-------- RECORD EXCERPTS

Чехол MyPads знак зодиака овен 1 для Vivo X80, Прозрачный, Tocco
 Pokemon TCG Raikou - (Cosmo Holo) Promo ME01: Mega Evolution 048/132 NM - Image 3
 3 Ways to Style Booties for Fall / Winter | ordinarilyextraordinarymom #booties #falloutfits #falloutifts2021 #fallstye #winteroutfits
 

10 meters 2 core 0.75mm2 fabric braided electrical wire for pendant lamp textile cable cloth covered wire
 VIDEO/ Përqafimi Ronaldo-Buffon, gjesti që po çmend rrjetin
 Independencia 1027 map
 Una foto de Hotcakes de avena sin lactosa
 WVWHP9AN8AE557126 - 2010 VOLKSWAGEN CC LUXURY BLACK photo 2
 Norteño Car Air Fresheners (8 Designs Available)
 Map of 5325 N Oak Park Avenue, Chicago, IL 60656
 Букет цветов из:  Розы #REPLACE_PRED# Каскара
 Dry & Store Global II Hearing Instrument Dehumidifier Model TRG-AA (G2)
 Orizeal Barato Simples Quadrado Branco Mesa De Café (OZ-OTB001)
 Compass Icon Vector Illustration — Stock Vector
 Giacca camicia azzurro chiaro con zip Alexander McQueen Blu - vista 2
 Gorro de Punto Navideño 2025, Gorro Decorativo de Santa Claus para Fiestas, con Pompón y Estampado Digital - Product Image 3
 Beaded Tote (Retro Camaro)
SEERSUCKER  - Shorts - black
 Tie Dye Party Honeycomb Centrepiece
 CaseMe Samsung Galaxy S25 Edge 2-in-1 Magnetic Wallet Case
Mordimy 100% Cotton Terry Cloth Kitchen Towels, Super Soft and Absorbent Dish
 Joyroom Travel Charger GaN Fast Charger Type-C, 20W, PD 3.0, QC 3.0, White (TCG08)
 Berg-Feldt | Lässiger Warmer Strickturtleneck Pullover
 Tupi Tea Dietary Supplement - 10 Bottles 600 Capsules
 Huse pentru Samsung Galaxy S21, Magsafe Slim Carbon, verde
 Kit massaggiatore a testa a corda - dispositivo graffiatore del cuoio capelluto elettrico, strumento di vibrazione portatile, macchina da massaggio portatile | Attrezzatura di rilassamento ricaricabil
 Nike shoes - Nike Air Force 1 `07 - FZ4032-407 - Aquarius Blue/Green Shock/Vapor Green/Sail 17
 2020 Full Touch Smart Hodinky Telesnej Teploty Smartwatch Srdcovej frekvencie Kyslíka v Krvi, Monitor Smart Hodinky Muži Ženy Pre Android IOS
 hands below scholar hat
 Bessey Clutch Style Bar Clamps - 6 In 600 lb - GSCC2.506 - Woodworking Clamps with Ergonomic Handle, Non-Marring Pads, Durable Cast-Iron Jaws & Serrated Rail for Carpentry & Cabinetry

----------------

> **WHAT IS NEEDED**: The response should be every record above restated exactly.

> **FINAL ANSWER**:
Чехол MyPads знак зодиака овен 1 для Vivo X80, Прозрачный, Tocco
 Pokemon TCG Raikou - (Cosmo Holo) Promo ME01: Mega Evolution 048/132 NM - Image 3
 3 Ways to Style Booties for Fall / Winter | ordinarilyextraordinarymom #booties #falloutfits #falloutifts2021 #fallstye #winteroutfits
 

10 meters 2 core 0.75mm2 fabric braided electrical wire for pendant lamp textile cable cloth covered wire
 VIDEO/ Përqafimi Ronaldo-Buffon, gjesti që po çmend rrjetin
 Independencia 1027 map
 Una foto de Hotcakes de avena sin lactosa
 WVWHP9AN8AE557126 - 2010 VOLKSWAGEN CC LUXURY BLACK photo 2
 Norteño Car Air Fresheners (8 Designs Available)
 Map of 5325 N Oak Park Avenue, Chicago, IL 60656
 Букет цветов из:  Розы #REPLACE_PRED# Каскара
 Dry & Store Global II Hearing Instrument Dehumidifier Model TRG-AA (G2)
 Orizeal Barato Simples Quadrado Branco Mesa De Café (OZ-OTB001)
 Compass Icon Vector Illustration — Stock Vector
 Giacca camicia azzurro chiaro con zip Alexander McQueen Blu - vista 2
 Gorro de Punto Navideño 2025, Gorro Decorativo de Santa Claus para Fiestas, con Pompón y Estampado Digital - Product Image 3
 Beaded Tote (Retro Camaro)
SEERSUCKER  - Shorts - black
 Tie Dye Party Honeycomb Centrepiece
 CaseMe Samsung Galaxy S25 Edge 2-in-1 Magnetic Wallet Case
Mordimy 100% Cotton Terry Cloth Kitchen Towels, Super Soft and Absorbent Dish
 Joyroom Travel Charger GaN Fast Charger Type-C, 20W, PD 3.0, QC 3.0, White (TCG08)
 Berg-Feldt | Lässiger Warmer Strickturtleneck Pullover
 Tupi Tea Dietary Supplement - 10 Bottles 600 Capsules
 Huse pentru Samsung Galaxy S21, Magsafe Slim Carbon, verde
 Kit massaggiatore a testa a corda - dispositivo graffiatore del cuoio capelluto elettrico, strumento di vibrazione portatile, macchina da massaggio portatile | Attrezzatura di rilassamento ricaricabil
 Nike shoes - Nike Air Force 1 `07 - FZ4032-407 - Aquarius Blue/Green Shock/Vapor Green/Sail 17
 2020 Full Touch Smart Hodinky Telesnej Teploty Smartwatch Srdcovej frekvencie Kyslíka v Krvi, Monitor Smart Hodinky Muži Ženy Pre Android IOS
 hands below scholar hat
 Bessey Clutch Style Bar Clamps - 6 In 600 lb - GSCC2.506 - Woodworking Clamps with Ergonomic Handle, Non-Marring Pads, Durable Cast-Iron Jaws & Serrated Rail for Carpentry & Cabinetry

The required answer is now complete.